In the entries below, count each line where "Toyota" appears. Give the total and nothing more.

DATA FOR THIS TASK -
::::::
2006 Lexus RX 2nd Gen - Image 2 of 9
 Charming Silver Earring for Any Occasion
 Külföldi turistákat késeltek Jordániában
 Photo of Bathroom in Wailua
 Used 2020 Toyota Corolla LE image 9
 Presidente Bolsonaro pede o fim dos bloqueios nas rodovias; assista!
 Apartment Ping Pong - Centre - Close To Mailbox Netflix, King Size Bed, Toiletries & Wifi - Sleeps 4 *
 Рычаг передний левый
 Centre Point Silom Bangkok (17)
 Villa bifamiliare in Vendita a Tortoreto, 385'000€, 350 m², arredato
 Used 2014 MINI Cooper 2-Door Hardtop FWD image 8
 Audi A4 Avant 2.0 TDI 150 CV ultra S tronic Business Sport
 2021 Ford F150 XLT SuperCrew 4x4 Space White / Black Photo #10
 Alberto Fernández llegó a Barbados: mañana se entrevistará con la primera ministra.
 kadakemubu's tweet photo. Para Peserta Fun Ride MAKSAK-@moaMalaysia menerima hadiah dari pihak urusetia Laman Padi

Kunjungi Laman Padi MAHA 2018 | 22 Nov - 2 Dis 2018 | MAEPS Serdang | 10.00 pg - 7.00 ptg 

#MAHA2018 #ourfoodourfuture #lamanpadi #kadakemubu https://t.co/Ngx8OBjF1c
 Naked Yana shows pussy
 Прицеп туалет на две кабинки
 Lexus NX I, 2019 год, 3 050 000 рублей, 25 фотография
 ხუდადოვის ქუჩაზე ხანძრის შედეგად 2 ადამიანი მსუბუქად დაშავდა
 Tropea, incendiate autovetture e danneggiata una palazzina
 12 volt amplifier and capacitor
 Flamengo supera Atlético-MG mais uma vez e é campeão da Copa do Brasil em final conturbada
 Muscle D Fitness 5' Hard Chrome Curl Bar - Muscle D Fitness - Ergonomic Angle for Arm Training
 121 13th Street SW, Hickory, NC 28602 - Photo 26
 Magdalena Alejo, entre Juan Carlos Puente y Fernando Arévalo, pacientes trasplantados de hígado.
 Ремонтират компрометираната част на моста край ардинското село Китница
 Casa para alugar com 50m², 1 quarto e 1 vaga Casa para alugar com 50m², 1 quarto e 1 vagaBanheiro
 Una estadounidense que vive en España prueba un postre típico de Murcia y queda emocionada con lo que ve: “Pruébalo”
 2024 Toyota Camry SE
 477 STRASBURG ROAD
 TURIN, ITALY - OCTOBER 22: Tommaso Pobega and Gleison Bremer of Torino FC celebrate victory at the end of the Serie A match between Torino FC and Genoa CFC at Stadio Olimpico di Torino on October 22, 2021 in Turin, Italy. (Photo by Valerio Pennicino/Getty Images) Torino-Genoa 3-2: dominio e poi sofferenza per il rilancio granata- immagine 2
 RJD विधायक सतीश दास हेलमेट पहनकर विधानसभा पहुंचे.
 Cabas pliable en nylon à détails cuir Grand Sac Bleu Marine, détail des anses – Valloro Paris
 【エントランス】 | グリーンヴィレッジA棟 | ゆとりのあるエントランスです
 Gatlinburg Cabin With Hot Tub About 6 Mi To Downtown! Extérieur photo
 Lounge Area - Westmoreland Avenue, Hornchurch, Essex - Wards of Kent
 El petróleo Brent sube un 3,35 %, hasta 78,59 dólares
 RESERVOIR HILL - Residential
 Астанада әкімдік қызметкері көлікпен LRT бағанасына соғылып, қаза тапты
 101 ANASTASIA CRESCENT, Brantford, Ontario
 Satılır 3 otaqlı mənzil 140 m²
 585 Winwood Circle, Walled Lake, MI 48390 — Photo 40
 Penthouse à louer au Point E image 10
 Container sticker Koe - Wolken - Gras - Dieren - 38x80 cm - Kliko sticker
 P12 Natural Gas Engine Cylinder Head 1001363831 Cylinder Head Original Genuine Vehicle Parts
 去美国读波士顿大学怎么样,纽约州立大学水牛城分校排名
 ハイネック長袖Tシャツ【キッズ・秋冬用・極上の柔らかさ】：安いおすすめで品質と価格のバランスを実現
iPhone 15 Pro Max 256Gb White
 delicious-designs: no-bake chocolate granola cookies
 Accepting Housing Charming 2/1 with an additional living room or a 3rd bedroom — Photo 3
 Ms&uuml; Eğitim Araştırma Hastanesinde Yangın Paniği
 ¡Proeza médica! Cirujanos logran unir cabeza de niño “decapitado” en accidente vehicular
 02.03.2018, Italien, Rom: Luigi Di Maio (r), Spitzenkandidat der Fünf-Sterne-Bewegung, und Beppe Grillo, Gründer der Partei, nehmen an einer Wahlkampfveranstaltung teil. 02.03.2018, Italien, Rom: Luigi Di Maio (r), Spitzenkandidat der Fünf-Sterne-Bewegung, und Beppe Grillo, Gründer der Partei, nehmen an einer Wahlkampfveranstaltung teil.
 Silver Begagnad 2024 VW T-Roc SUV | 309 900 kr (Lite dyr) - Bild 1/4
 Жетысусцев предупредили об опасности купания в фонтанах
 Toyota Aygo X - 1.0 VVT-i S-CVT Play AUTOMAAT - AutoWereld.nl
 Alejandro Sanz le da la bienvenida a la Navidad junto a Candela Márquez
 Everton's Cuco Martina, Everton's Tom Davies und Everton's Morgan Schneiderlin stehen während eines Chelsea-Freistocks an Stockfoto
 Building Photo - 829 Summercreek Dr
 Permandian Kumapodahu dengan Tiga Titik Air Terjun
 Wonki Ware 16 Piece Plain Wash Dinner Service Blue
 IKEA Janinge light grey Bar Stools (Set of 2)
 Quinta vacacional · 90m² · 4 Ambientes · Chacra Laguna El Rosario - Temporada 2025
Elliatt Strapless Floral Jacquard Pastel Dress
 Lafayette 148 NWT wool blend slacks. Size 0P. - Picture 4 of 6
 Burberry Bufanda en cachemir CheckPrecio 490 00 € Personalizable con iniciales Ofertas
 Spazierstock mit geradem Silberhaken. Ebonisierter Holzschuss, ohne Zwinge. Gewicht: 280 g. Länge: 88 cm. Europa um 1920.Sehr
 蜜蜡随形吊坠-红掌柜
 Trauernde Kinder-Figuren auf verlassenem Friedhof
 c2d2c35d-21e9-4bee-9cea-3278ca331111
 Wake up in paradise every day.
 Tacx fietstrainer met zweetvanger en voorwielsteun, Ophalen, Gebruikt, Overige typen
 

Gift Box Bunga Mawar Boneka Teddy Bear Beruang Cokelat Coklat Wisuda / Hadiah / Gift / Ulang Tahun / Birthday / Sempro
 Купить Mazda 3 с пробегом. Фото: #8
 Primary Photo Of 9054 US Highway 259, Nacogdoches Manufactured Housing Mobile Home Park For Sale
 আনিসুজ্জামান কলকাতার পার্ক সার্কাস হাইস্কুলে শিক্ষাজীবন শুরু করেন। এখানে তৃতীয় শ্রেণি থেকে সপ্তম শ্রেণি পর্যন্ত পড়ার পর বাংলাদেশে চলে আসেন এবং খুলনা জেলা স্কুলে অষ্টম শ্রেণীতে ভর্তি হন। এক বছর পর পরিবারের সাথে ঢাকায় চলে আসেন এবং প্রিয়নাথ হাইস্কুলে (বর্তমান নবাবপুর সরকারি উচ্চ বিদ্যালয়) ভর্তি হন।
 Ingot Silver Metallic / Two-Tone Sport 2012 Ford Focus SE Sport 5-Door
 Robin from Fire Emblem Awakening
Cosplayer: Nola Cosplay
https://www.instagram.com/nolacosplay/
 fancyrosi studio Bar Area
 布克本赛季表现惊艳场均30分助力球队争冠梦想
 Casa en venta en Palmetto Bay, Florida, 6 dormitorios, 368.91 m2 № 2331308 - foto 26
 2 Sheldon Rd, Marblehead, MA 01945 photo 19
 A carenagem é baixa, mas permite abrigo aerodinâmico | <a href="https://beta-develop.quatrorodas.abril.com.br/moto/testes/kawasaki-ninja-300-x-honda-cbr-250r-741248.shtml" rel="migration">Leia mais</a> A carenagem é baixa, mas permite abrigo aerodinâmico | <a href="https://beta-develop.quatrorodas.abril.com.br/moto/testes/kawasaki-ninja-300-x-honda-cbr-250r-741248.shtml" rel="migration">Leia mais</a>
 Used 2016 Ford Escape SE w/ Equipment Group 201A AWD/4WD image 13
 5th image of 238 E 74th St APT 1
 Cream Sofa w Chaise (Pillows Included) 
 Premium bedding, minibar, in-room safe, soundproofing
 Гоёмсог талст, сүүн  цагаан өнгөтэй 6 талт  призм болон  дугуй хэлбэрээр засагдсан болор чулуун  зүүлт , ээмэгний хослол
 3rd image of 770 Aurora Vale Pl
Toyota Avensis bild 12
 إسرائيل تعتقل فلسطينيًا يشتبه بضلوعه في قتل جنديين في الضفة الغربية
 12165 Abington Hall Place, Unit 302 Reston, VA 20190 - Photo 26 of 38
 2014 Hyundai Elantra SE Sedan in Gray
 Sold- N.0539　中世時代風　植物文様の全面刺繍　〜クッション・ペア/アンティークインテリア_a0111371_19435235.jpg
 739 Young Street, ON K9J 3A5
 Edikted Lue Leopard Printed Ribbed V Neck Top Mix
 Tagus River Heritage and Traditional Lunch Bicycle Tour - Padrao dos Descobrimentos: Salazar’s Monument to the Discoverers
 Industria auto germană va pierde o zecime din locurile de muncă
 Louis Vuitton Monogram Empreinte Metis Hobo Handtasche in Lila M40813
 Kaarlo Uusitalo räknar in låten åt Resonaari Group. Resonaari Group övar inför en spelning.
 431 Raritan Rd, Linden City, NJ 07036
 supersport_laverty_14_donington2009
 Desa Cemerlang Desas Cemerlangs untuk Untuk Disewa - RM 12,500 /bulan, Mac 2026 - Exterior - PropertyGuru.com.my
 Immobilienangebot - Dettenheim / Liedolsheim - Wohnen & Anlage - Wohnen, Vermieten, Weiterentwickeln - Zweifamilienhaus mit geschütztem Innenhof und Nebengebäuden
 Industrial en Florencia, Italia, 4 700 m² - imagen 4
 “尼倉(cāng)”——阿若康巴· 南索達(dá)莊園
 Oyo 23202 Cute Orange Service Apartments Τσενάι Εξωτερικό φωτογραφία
::::::
RESULT FOR THIS EXERCISE - 4